I am making a little website and i was to add things about phpBB.com
I was to add these 2 images with the text over them like on phpBB.com

Iv got the images, but how can i write on the images like on there site and it be links to the downloads of phpBB.com

Just like on the site
http://www.phpbb.com/
Here is an example -


----------



## titanalive (May 20, 2007)

There rae two ways in which you can do what you are aiming for :

1) Use flash to create this as it would make your life a hell of a lot easier. I am saying this as flash will allow you to create the links by a few drag and drops use ActionScripting 2.0 and just set the link behaviour its simple.

2) the other method is to use programs such as corel draw or photoshop and generate pictures such that you link the tex to where you want it.

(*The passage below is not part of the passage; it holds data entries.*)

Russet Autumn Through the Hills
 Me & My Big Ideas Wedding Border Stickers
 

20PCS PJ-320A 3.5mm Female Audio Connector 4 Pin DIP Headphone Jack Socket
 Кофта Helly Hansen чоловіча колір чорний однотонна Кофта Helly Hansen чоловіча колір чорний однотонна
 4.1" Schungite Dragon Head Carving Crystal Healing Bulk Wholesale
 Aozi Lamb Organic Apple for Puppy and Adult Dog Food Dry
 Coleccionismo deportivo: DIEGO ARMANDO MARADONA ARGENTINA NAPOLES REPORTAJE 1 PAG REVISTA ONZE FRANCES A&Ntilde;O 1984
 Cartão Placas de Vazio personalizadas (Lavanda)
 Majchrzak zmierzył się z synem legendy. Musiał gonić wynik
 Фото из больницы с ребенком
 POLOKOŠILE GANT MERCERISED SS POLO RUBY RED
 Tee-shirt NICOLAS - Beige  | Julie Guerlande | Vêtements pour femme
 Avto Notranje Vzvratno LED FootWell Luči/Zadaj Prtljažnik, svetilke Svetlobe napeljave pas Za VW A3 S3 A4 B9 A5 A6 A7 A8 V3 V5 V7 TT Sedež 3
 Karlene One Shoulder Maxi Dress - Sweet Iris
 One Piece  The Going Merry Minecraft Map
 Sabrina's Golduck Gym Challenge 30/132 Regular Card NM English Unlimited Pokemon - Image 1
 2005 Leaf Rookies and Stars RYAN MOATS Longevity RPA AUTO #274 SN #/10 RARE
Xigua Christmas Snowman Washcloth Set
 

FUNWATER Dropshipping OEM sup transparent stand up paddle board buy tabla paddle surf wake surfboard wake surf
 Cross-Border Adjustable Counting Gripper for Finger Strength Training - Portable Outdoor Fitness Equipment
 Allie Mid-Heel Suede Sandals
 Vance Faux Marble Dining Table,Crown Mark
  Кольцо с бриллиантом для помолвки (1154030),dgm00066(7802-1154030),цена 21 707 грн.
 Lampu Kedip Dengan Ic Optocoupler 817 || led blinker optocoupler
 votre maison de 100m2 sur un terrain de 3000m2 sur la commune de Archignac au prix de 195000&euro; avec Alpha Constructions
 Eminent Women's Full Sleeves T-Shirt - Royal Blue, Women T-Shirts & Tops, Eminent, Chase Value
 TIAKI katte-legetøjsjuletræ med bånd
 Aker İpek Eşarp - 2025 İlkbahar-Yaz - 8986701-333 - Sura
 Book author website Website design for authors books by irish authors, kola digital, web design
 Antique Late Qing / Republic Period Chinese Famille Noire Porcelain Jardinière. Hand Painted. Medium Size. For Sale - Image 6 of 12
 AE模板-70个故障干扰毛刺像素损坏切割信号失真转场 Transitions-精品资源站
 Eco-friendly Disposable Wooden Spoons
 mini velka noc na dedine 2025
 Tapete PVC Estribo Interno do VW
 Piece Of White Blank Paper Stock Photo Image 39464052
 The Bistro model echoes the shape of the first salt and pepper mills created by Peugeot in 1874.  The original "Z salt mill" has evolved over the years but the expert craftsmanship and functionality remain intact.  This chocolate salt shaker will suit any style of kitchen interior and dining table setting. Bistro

THe third way to do this using html directly is to first generate a jpeg image of what you expect the output to look like with all the text placed in the right places like the image you uploaded. Following this use the image mapping ability of html to establish the links you want just get the co-ordinates right
Hope that helps. Let me know if you dont understand anything


----------



## tomdkat (May 6, 2006)

Another option is to make the images the background of a DIV where you want the links to appear and simply put the text you want to appear on top of the image in a paragraph, sort of like this:


```
<div style="background-image: url(images/phpbb-style-image.jpg);">
<p>This text will appear on top of the phpBB style image</p>
</div>
```
Peace...


----------



## Jaymie1989 (Apr 28, 2007)

Ok iv done the image.

I do need help with the page. I was using frames made by Dreamweaver CS3 so instead of 3 frames i have placed them all into one page.
The problem i have is im using IFrame and need the images and links from the first post to the right. i have the IFrame centered and before the closing DIV i added the HTML code that i have for the images and the text into the Center DIV but it just shows under the IFrame.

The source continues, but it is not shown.